This is the story of a small town and its mayor in southern Calabria that opened their town's doors to a shipload of 836 refugees in 1997 and in doing so helped create Italy's system of refugee welcome centers.

BADOLATO, Italy (CN) — On a hot and still Sunday night in August 1997, a nameless ship silently beached at this town's sandy marina.

The captain and crew slipped off the vessel and disappeared into the darkness. Next, some 446 mostly young people climbed out of the ship's hull and stepped onto the beach here.

Many of the newly arrived wondered if they had reached Germany or Sweden.

No, they had landed on the doorstep of Gerardo Mannello, the communist mayor of Badolato, a small seaside town along the wild and empty eastern coast of Calabria, the southern tip of Italy.

Mannello was sitting on his terrace along Badolato's seafront when he saw the refugees who'd suddenly shown up on his town. He went out. There they were: tired, scared, hungry and wretched.

Most were young men but there were also women and children. They were in bad shape after several nights crammed inside the ship's hull as it crossed the Ionian Sea from Turkey.

“Almost no one in the town of 4,000 residents slept that Sunday night,” wrote Aldo Varano, a journalist for L'Unità, a Communist Party newspaper, at the time about the people of Badolato. “People emptied their refrigerators to find water, milk, clothes to cover the children.”

Mannello opened the town school to the refugees and the people of Badolato spent the night trying to talk with the foreigners, imagining the things and places they'd seen on their way from their war-torn and famished native lands.

The bulk of the refugees were Kurds, a very large but long-suffering ethnic group seeking a state of their own. In the 1980s and 1990s, millions of Kurds fled their homelands as their independence struggles were ruthlessly suppressed by Turkey and Iraq. 

In the meantime, police and carabinieri, Italy’s military police, showed up and the process of deporting them all back to Turkey began.

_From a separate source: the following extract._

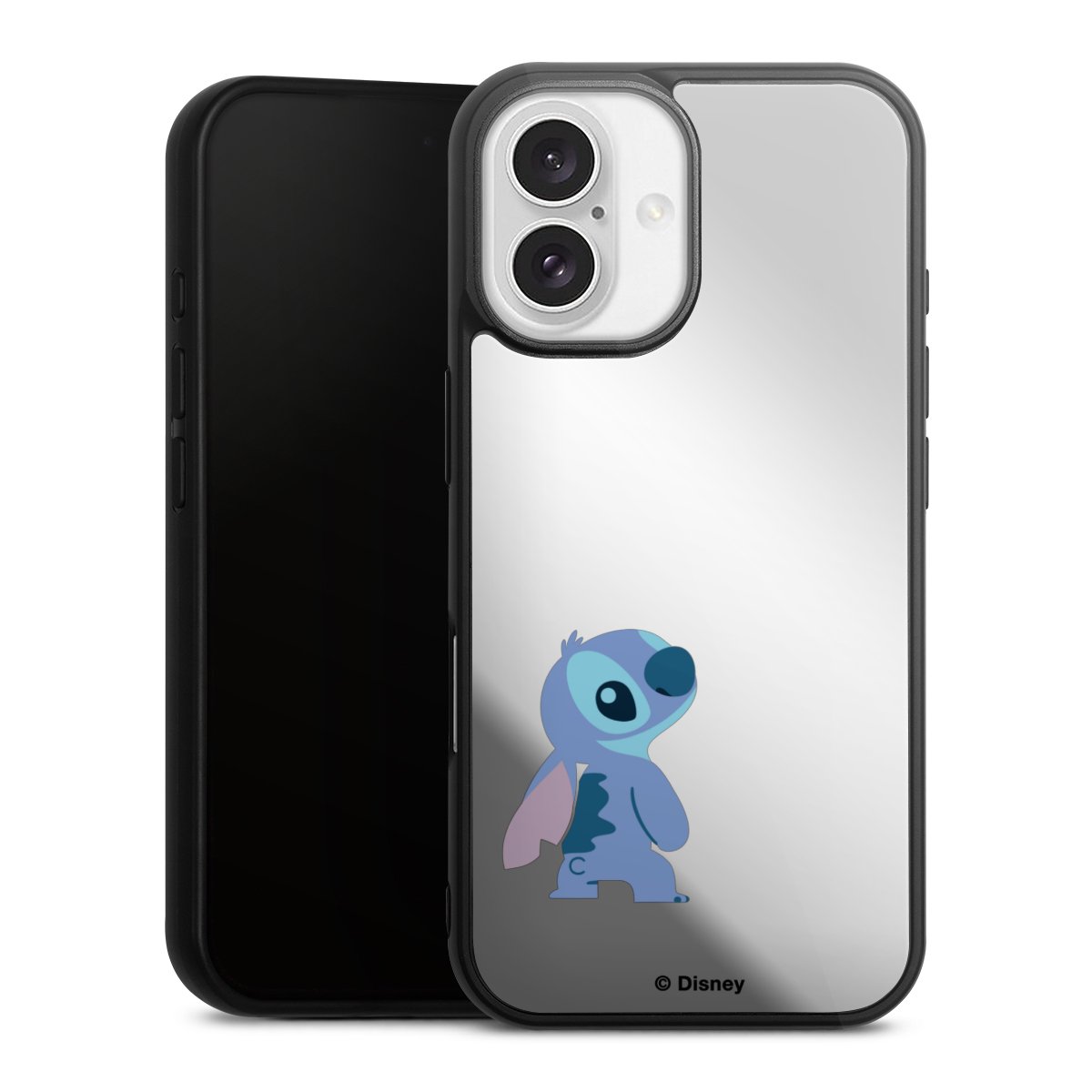 Stitch Smiling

For Mannello, that hot August wouldn't be the moment when he'd put into practice his experiment: Inhabiting the old town of Badolato, a largely abandoned Medieval burg perched on a ridge of the nearby mountains, with refugee families.

But only four months later, he'd get another shot at repopulating the old town, a crumbling and hard-to-reach place where fewer and fewer people lived.

On Dec. 26, another aging vessel crossed the Ionian Sea from Turkey — this ship had a name, the Ararat — and landed near Badolato. There were 836 refugees aboard.

The old town of Badolato in the hills overlooking the Ionian Sea in Calabria, southern Italy. (Cain Burdeau/Courthouse News)

A lot changed between August and December of that year.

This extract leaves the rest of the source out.